WORK ITEM: Look below for the line that has "2847 Berkshire Road, Cleveland". Set down the lines from there through the line that has "PARTY TIME POWER", exactly as written.

MATERIAL SUPPLIED:

◆ ◆ ◆

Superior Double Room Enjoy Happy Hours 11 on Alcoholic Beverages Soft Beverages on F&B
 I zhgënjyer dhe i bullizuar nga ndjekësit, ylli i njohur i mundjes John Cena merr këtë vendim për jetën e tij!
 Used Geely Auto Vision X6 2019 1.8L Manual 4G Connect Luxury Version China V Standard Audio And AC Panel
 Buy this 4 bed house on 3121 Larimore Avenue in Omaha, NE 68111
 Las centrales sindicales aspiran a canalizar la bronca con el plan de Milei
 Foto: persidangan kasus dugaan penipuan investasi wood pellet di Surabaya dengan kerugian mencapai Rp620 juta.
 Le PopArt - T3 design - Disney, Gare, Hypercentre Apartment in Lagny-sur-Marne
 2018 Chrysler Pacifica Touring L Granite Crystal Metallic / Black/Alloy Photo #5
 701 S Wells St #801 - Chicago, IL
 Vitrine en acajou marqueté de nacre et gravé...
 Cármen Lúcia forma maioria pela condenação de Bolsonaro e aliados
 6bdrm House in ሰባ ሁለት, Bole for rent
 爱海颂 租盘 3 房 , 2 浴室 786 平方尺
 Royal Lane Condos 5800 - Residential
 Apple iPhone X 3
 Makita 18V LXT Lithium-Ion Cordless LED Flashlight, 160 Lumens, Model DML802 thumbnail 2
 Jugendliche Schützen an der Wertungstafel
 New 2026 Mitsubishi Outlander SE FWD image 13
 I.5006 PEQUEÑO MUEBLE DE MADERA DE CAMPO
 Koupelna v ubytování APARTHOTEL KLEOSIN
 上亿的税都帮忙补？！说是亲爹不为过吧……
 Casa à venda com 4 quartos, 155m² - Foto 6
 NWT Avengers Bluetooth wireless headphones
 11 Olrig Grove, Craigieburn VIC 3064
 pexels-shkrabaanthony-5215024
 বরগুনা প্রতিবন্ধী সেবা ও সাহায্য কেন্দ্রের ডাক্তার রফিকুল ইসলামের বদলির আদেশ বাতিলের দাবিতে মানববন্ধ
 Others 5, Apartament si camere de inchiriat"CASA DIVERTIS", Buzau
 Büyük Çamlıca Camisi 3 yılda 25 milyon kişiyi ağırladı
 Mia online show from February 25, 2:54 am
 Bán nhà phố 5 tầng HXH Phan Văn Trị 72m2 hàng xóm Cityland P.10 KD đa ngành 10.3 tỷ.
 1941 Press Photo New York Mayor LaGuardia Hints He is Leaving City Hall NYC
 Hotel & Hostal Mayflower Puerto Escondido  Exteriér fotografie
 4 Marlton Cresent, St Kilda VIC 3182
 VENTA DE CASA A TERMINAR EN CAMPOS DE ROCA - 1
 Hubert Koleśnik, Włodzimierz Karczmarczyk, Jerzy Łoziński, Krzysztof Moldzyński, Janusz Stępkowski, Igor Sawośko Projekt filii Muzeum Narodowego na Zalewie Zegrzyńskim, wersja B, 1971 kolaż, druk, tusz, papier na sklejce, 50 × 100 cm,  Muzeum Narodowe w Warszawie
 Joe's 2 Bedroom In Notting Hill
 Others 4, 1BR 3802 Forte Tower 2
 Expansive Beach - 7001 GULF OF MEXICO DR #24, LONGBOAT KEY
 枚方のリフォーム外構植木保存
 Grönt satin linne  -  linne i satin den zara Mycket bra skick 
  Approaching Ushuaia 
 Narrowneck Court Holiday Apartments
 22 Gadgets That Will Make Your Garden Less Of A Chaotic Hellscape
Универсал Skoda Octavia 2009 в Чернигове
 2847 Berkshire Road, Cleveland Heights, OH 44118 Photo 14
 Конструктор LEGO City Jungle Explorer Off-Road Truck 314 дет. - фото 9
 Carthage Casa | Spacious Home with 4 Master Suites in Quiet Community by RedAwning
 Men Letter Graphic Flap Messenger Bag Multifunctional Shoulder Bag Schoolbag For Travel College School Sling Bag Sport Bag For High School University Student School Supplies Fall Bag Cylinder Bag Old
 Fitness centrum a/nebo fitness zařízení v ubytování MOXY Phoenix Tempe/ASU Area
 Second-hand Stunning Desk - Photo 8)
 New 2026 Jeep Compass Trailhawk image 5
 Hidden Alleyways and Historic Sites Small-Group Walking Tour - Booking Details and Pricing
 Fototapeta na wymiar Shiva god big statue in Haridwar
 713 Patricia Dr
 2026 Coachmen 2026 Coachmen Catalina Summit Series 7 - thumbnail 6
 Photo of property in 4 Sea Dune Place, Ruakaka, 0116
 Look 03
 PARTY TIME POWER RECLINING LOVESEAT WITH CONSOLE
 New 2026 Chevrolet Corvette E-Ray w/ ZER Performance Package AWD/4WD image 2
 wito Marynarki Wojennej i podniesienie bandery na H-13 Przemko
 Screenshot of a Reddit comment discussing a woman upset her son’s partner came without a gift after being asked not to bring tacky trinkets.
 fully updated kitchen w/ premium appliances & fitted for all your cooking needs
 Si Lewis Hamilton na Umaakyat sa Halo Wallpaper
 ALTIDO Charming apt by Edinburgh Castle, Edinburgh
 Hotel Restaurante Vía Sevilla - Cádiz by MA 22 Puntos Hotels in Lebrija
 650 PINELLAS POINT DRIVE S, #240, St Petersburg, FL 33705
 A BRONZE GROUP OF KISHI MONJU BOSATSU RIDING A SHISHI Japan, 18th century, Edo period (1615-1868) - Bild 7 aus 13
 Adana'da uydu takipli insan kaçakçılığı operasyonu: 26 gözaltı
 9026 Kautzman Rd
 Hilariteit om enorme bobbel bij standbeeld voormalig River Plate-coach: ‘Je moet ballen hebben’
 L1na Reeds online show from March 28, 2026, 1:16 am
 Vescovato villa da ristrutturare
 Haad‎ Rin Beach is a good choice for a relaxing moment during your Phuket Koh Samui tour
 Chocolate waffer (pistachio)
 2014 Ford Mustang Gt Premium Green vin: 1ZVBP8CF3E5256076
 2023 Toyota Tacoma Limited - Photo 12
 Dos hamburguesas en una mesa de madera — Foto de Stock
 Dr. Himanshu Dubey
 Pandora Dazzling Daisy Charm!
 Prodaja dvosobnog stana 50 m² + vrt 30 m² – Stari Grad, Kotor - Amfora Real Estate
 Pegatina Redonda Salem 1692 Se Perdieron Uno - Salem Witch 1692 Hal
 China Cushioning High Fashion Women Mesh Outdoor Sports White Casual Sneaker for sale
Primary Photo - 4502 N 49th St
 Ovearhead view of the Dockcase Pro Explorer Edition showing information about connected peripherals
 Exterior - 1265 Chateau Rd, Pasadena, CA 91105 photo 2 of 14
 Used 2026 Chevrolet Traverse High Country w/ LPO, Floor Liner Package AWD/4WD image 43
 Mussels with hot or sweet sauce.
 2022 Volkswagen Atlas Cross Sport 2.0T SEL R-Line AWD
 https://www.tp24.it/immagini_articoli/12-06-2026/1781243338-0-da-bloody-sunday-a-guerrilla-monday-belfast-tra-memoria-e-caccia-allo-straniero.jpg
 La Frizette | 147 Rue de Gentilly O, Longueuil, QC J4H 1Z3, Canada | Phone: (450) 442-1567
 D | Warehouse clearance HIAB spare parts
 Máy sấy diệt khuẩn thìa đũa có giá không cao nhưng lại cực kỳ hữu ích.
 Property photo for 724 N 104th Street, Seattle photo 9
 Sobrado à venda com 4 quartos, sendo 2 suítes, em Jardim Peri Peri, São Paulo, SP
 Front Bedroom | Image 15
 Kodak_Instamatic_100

◆ ◆ ◆

OUTPUT:
 2847 Berkshire Road, Cleveland Heights, OH 44118 Photo 14
 Конструктор LEGO City Jungle Explorer Off-Road Truck 314 дет. - фото 9
 Carthage Casa | Spacious Home with 4 Master Suites in Quiet Community by RedAwning
 Men Letter Graphic Flap Messenger Bag Multifunctional Shoulder Bag Schoolbag For Travel College School Sling Bag Sport Bag For High School University Student School Supplies Fall Bag Cylinder Bag Old
 Fitness centrum a/nebo fitness zařízení v ubytování MOXY Phoenix Tempe/ASU Area
 Second-hand Stunning Desk - Photo 8)
 New 2026 Jeep Compass Trailhawk image 5
 Hidden Alleyways and Historic Sites Small-Group Walking Tour - Booking Details and Pricing
 Fototapeta na wymiar Shiva god big statue in Haridwar
 713 Patricia Dr
 2026 Coachmen 2026 Coachmen Catalina Summit Series 7 - thumbnail 6
 Photo of property in 4 Sea Dune Place, Ruakaka, 0116
 Look 03
 PARTY TIME POWER RECLINING LOVESEAT WITH CONSOLE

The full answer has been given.